Thomas Payne's group, which went off of the building's roof, began to storm it through its main entrance on the ground, while it was ablaze, and inspired the rest of the rescue force to join them. Inside the 1st Main Building, and under heavy fire, the task force rescued the remaining hostages and escorted them out of the prison back to the helicopters. One of the hostages was dragged by Payne himself as he froze in place, being overwhelmed with the situation. To the surprise of those involved, none of the hostages were Peshmergas or Kurdish; instead, the rescued were primarily Iraqi Arabs, including former members of the Iraqi Security Forces and individuals whom ISIS had accused of spying. In the two-hour long operation 20 ISIS militans were killed, six detained, two of which were considered 'leaders', one U.S. service member was killed, three to four CTD operators were injured and 70 hostages rescued.
Video footage, which was later released by the KRG, showed what happened when the special forces went inside one of the buildings. A Kurdish operator's helmet camera showed his weapon pointed toward a barred window illuminated by a glow, possibly from a fire. Other scenes depicted soldiers moving through dark offices with large black-and-white ISIS flags at one end. In another sequence, four men in robes with their hands on their heads were escorted through a doorway and searched. The operator wearing the body camera was seen emptying the men's shirt pockets, patting them down, and then moving them quickly along the hallway. Delta Force operators speaking English were audible on the footage, with one instructing, "Hold that guy [hostage] there!".
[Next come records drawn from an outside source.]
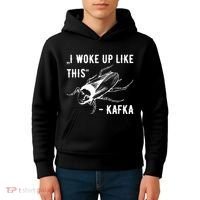 Franz Kafka I Woke Up Like This Vermin Transformation Kids Hoodie thumb 4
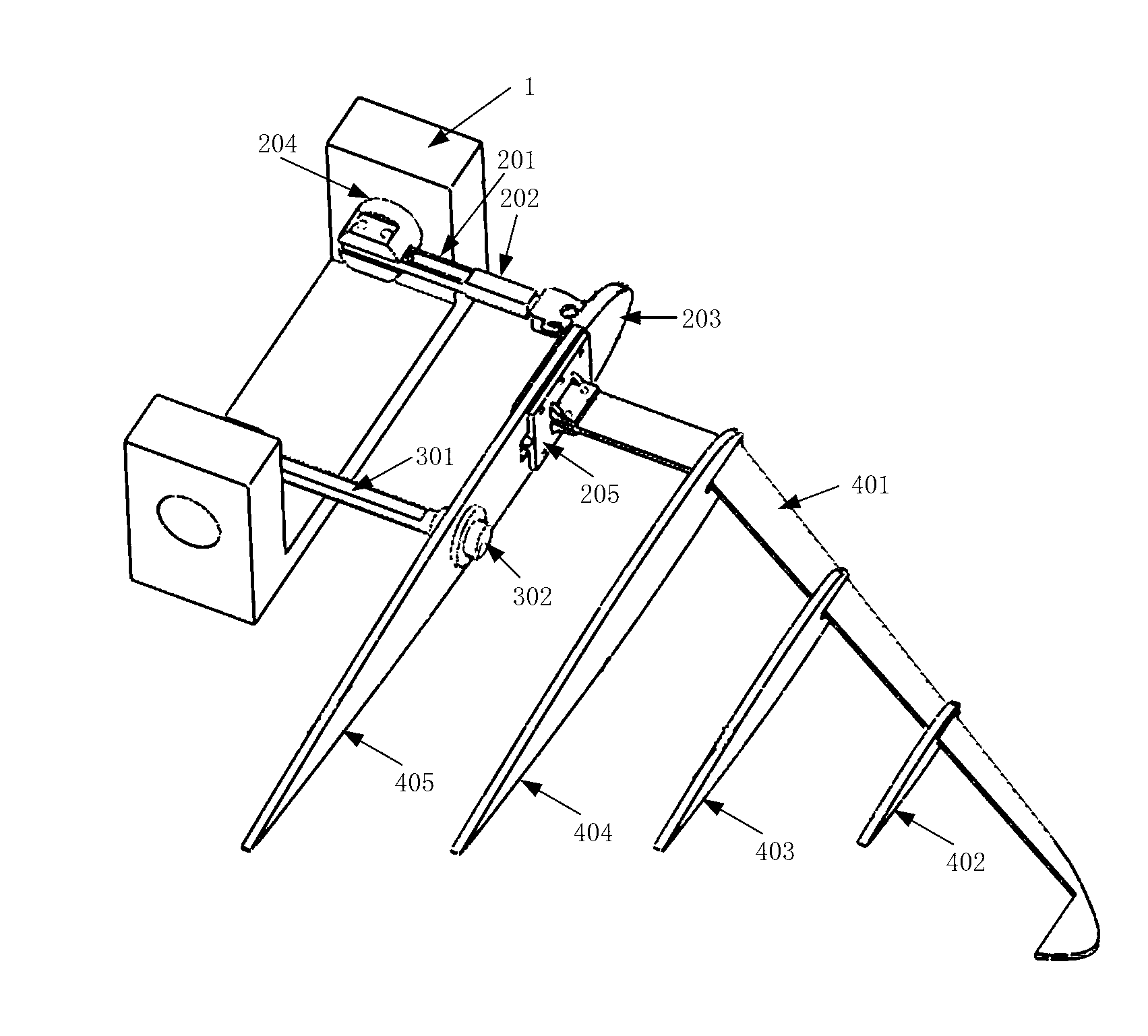 Dual-drive bionic pectoral fin framework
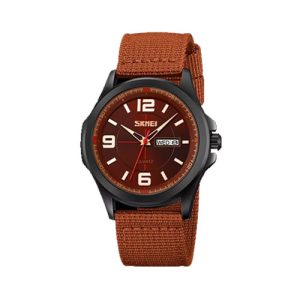 RELOJ SKMEI CASUAL 9315BN CORREA DE NAILON MARRON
The compound was bombed and completely destroyed by F-15E Strike Eagle jets after the helicopters evacuated the task force and the hostages.

== Aftermath ==
Wheeler was the first U.S. soldier to die in combat against the Islamic State. He was awarded a Purple Heart posthumously. The U.S. Defense secretary at the time, Ash Carter, applauded Wheeler as a hero, saying "his response enabled the mission to succeed." His death sparked discussions about the nature of U.S. involvement in the fight against ISIS. In response Carter said that "the plan was not for the U.S. advise-and-assist and accompanying forces to enter the compound or be involved in the firefight," but that "[Wheeler] is someone who saw the team that he was advising and assisting coming under attack, and he made it possible for them to be effective, and in doing that, lost his own life."

Carter said the U.S. and its Kurdish partners collected valuable intelligence at the scene, including documents and electronics. This, he said, shows "the great value of raids of this kind," and that he expects more operations of this type to happen. The KRSC considered the Hawija operation to be the "single most significant joint rescue operation based out of the Kurdistan region conducted deep in ISIS territory" to date. It also offered its "heartfelt condolences" to the family and friends of Joshua Wheeler and expressed its gratefulness to the "counterterrorism professionals" for their bravery.

The central government in Baghdad did not know the operation was taking place until "they started receiving phone calls from reporters."

On 11 September 2020, Thomas Payne, was awarded the Medal of Honor for his actions that day by President Donald Trump, becoming the first living Delta Force recipient of the Medal of Honor and the first Medal of Honor recipient for Operation Inherent Resolve.